8O Yeah she needs to not work with kids. I don't understand why some adults feel the need to be "superior" over young children.

I remember two teachers at my school (also not particularly young or pretty XD) who seemed to get pleasure in setting me up for a fall which could be classed as bullying these days. I used to get regular panic attacks from around age 8 so I found it hard to go into school anyway. I used to therefore miss out on a lot of class/home work and I remember these two teachers purposely telling me the day before or the same day, that a specific piece of very important work needed completing and that everyone else already had a month to complete it. I was even threatened that if I didn't get it done, the head teacher would come round and tell me off. No one seemed to care that I was having a panic attack right then. I'd never dream of sending a child to the schools I went to lol!

D123 wrote:there was only one teacher out of there I loved she was very kind and nurturing she never yelled at you and was understanding , I wish they were all like her.
Aw I had one teacher like that too but I only had her for a year. I tried to see if she was on Facebook but to no avail. She could tell that having panic attacks at 8 years old wasn't normal and used to try her best to make fun activities for me (i.e. the painting exercise that the class helper ruined but the teacher did pull her aside and warn her to be more gentle with me).

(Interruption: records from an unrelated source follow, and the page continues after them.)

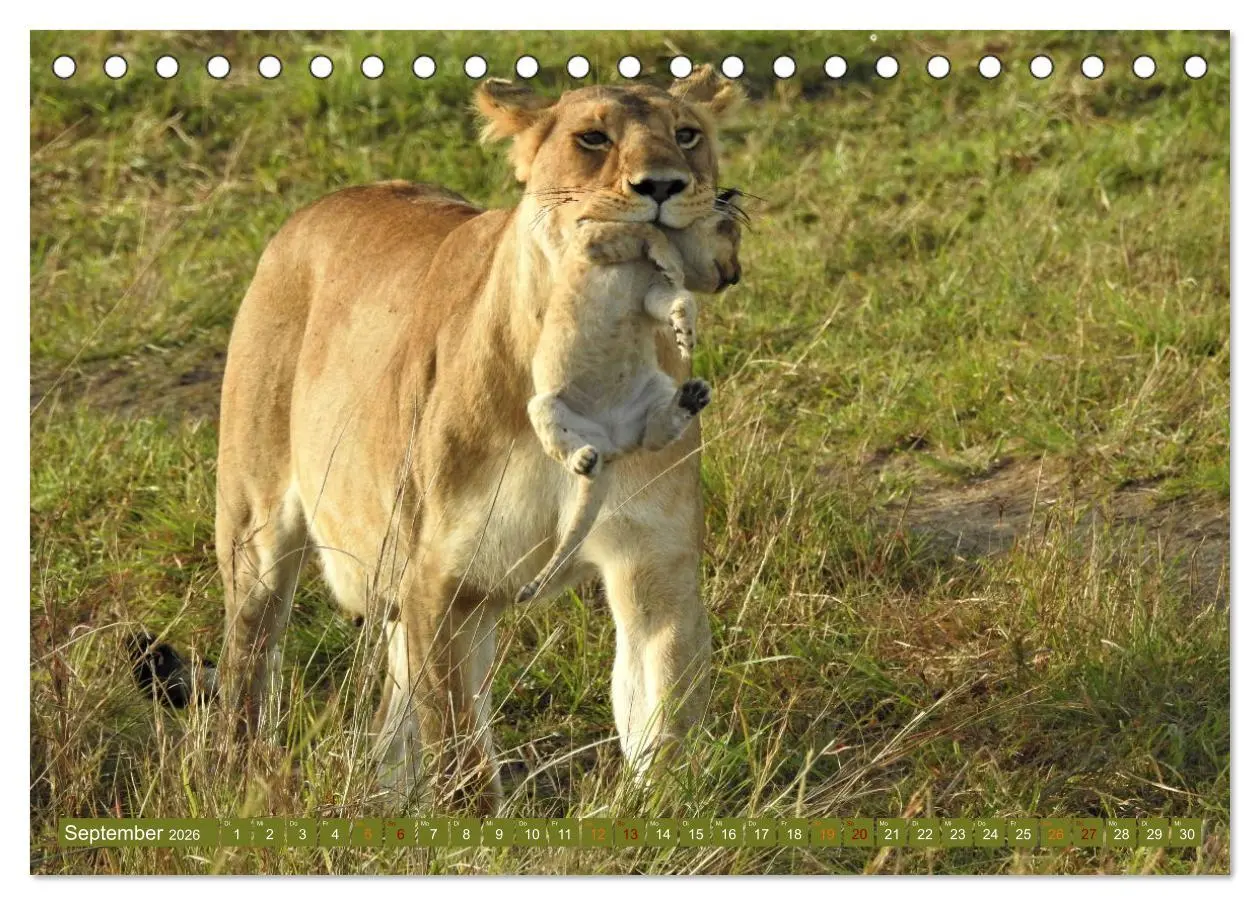 Bild: 9783457536865 | Löwen - gross und klein (Tischkalender 2026 DIN A5 quer), CALVENDO...
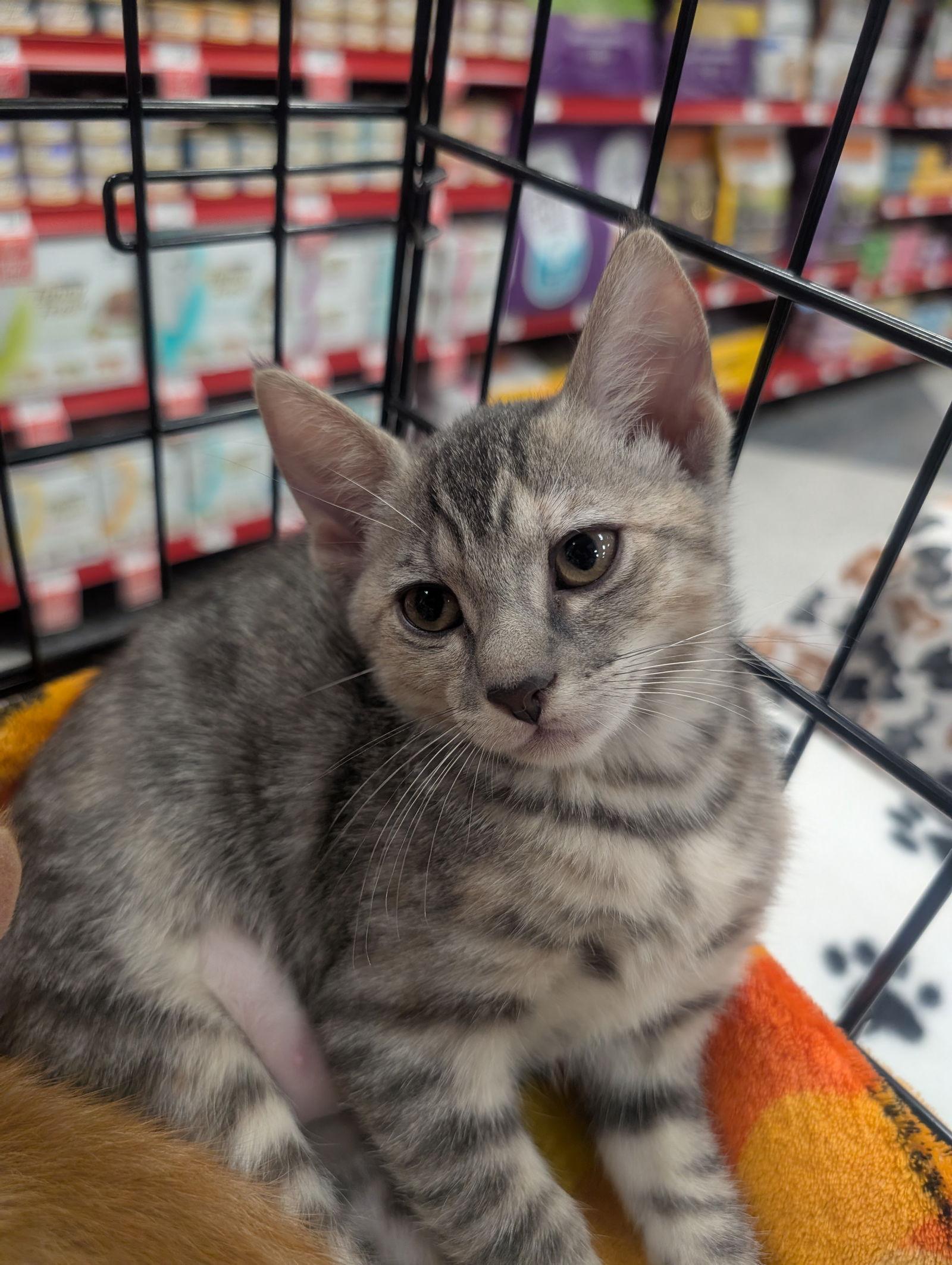 Trunchbull aka Trunchy, a Adoptable mixed breed in Ventura, CA image 3/3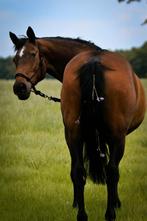 Bijrijder gezocht, Dieren en Toebehoren, Paarden en Pony's | Verzorgingsproducten, Ophalen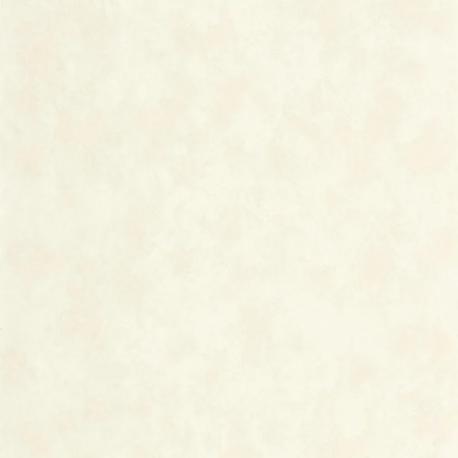 PAPEL PINTADO ECHAPPEE BELLE ECHA89851010
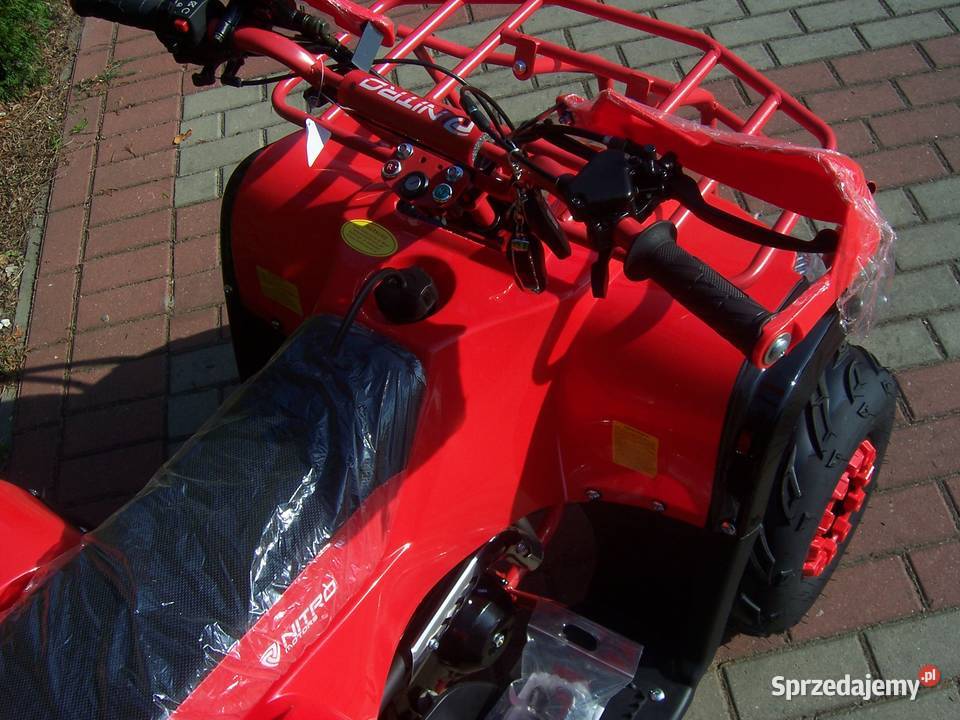 Quad KXD Hammer Phyton 110 cc 125 automat 1 1 Goleniów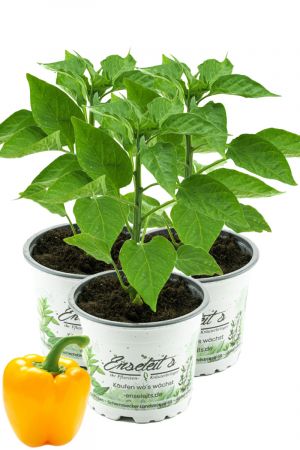 3er Set Gelbe Blockpaprika Pflanze "Afterglow F1" im 12cm Topf, Paprikapflanzen aus Nachhaltigem Anbau! 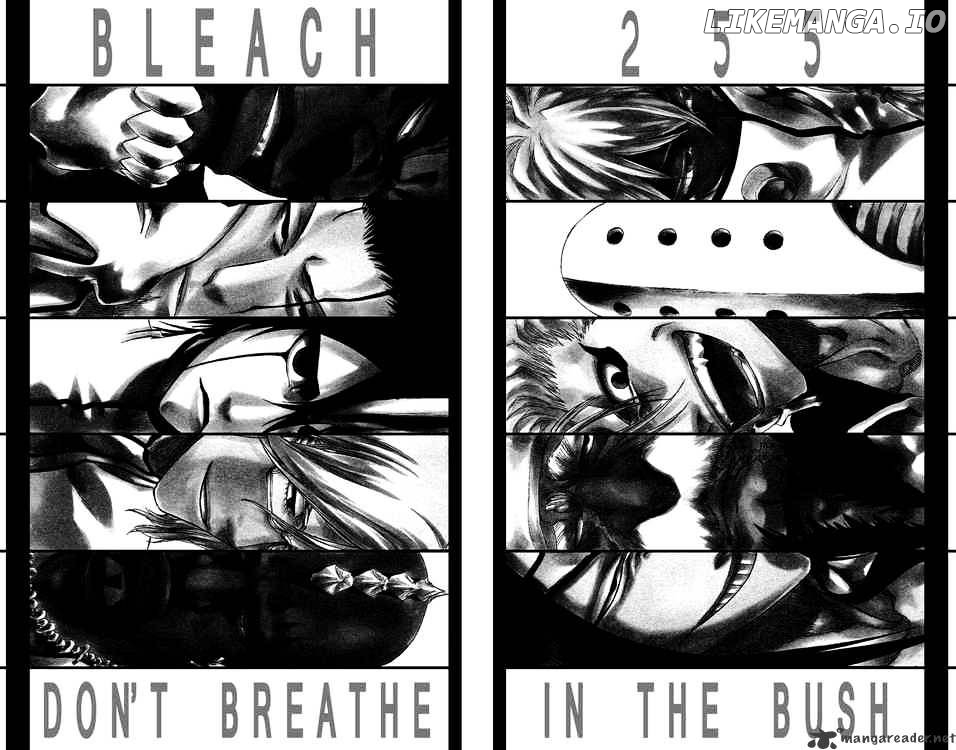 Bleach Chapter 255 - page 2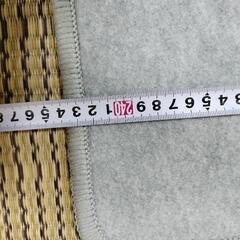 電気ホットカーペット 3畳 作動確認済の画像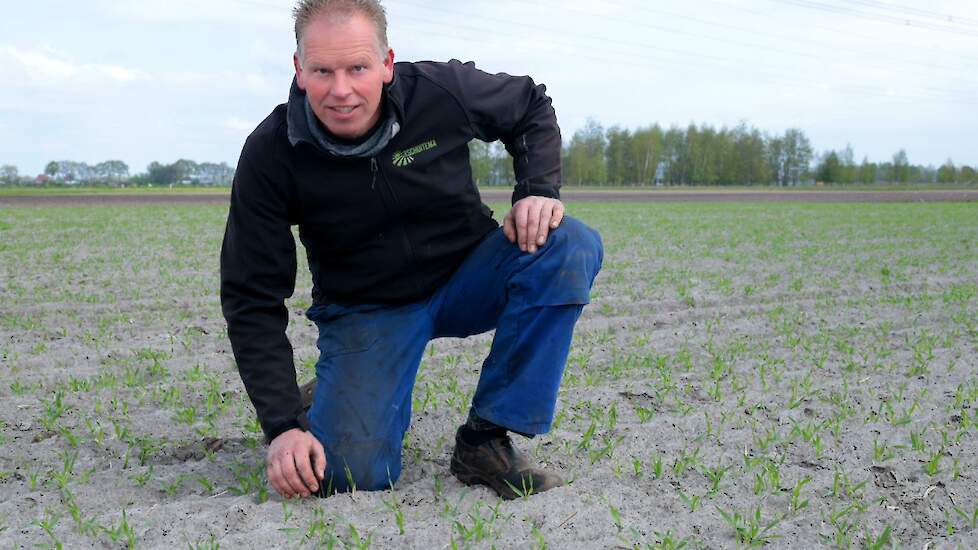 Akkerbouwer Arjan Timmerman zet in op een opbrengst van 14,5 ton suiker per hectare. Vorig jaar had hij 14 ton per hectare. „Of ik het haal, ligt aan het groeiseizoen. Dat is altijd een gok.”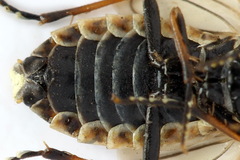 Cephalcia alpina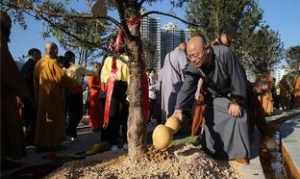 法师种下后多久可以晒太阳 法师拔出来再种上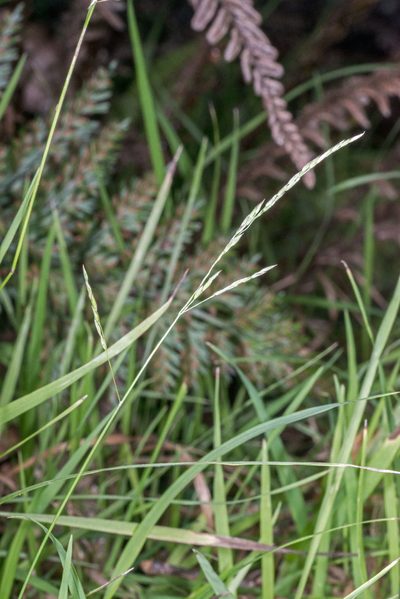 Simplicia buchananii, photographed by Jeremy Rolfe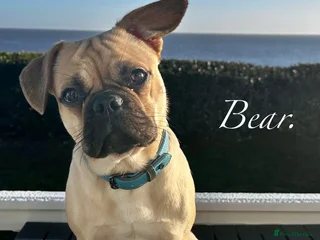 Mixed Breed dogs Bear for rehome - Advert 1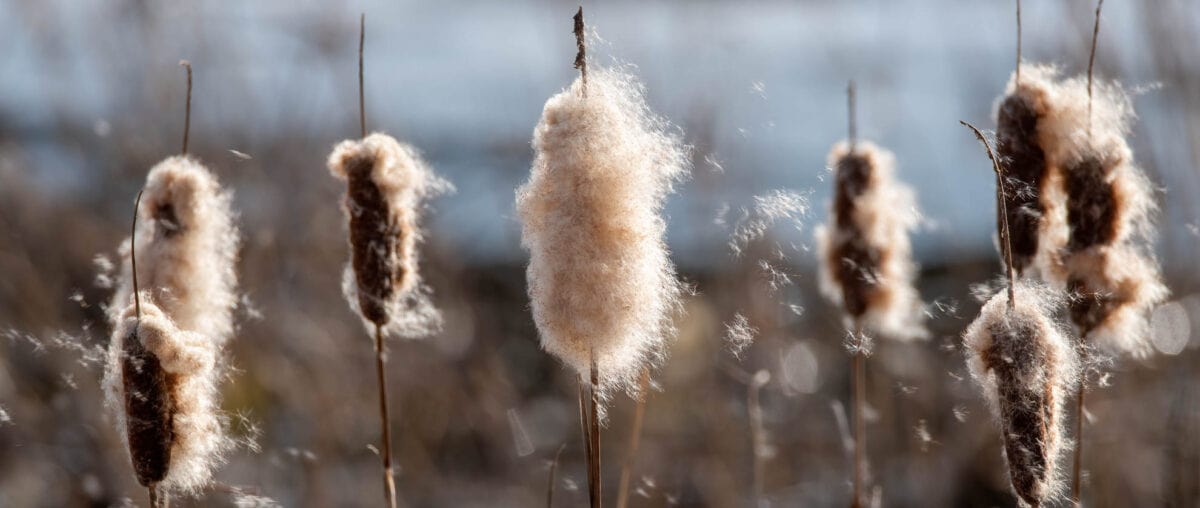 Naturfotos (nicht nur) aus dem Allgäu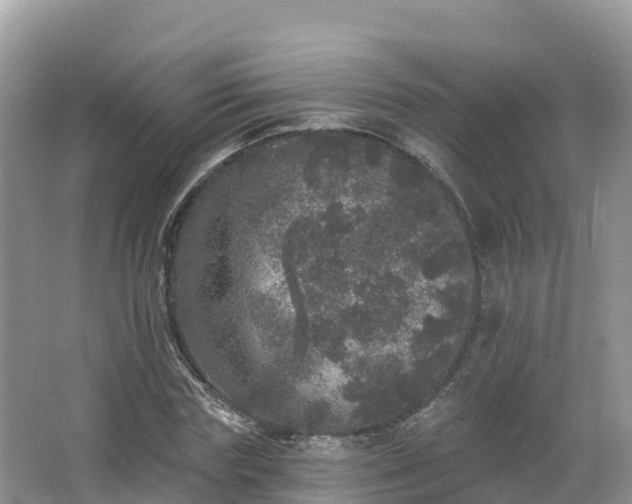 X0000066970827200603311447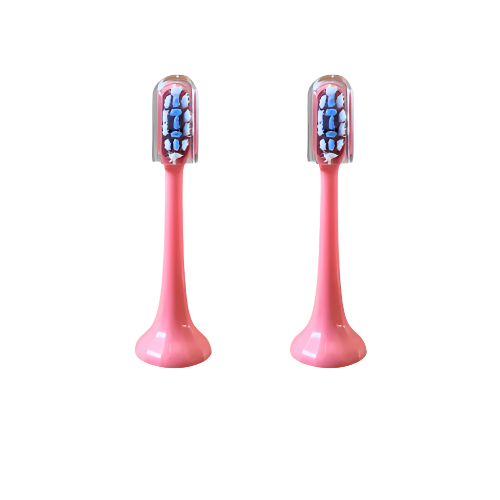 LED Toothbrush Replacement Heads (2x)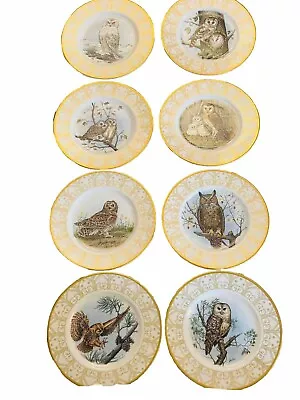 Complete Set Of 8 Edward Marshall Boehm Bone China Owl Plates Collection MINT • $180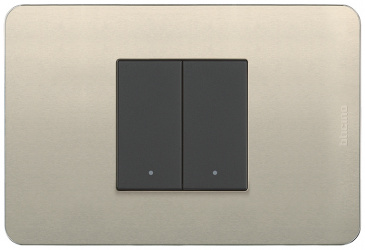 Bticino Placa de Pared JA4819APQ, 2 Puertos, Perla 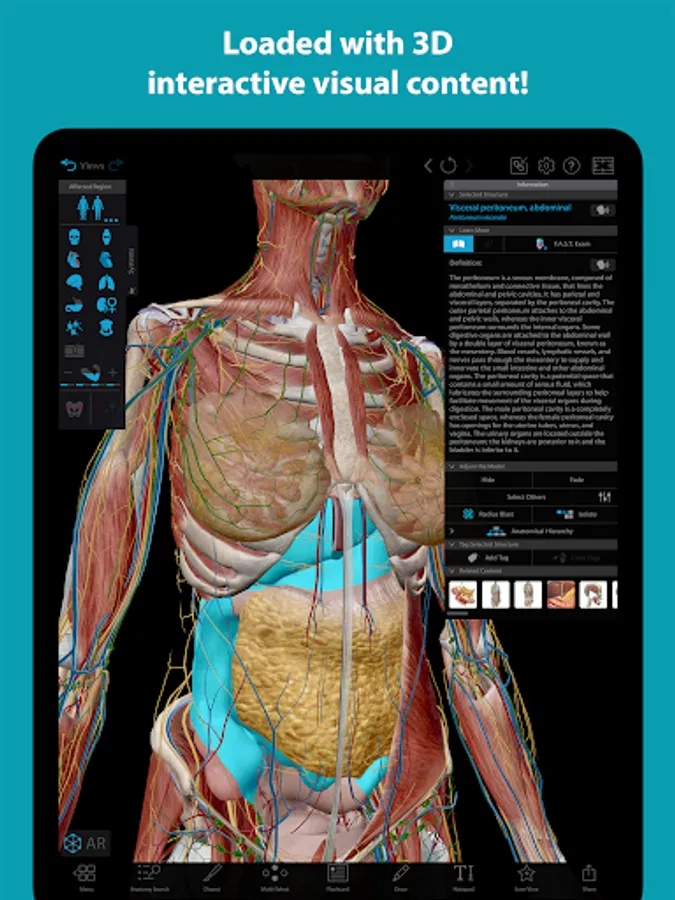 Screenshot 12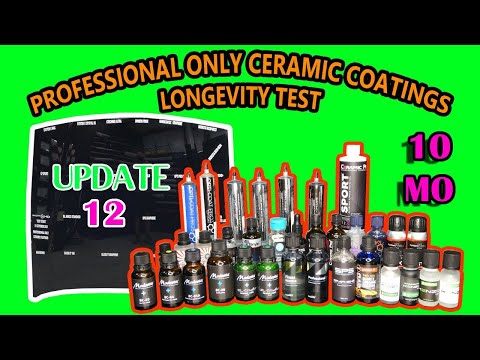PROFESSIONAL ONLY ceramic coatings - 22 WAY LONGEVITY TEST - UPDATE 12 - 10 MONTHS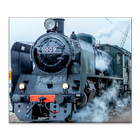 Steam Locomotive Jigsaw icon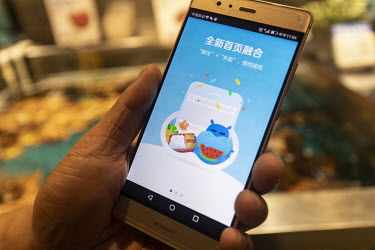 A smartphone displaying the Alibaba Group Holding Ltd's Hema or Fresh Hippo store app.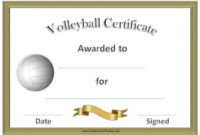Free Volleyball Certificate Templates - Customize Online pertaining to Netball Achievement Certificate Editable Templates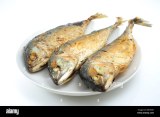 Poisson Jurel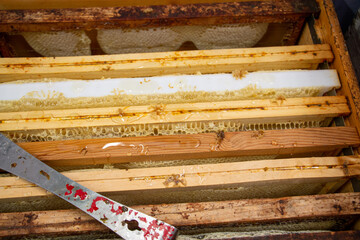 La récolte du miel chez un apiculteur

D123 wrote:and what does detention teach? I mean if a kid is struggling with learning how is detention going to help them? Yeah punish the kids that have a hard time learning, what they’re doing in these schools with children and teens is wrong, and there is any wonder with all the school violence..
When it gets to the stage where you're getting detentions for no reason (class detentions were the worst), it really just opened my eyes up to the dictatorship that was happening at my high school. It was no longer about learning but about surviving without getting blamed for something you either didn't do or that you had no control over. I learnt 2 years of classwork in the 2-3 weeks before my final exams just by downloading the material from official websites and reading it. Passed every exam and learnt more in 2 weeks than I ever did in my entire attendance at school. Just goes to show that kids really don't need all this hassle whilst trying to learn, especially the good kids. I think the teachers used to punish the good kids for silly reasons purely because the "bad" ones didn't give two figs about what they said and they wanted to reclaim some power back. Teachers who acted like that lost all my respect though.

D123 wrote:One of the reasons it was so terrible is because when we went to the next school (middle school) we didn’t know a thing. I mean even the teachers were like “what have they been doing with these kids?”, we were totally unprepared
Wow that really is bad. I think they at least tried to slip in some education amongst the abuse during my early schooling lol.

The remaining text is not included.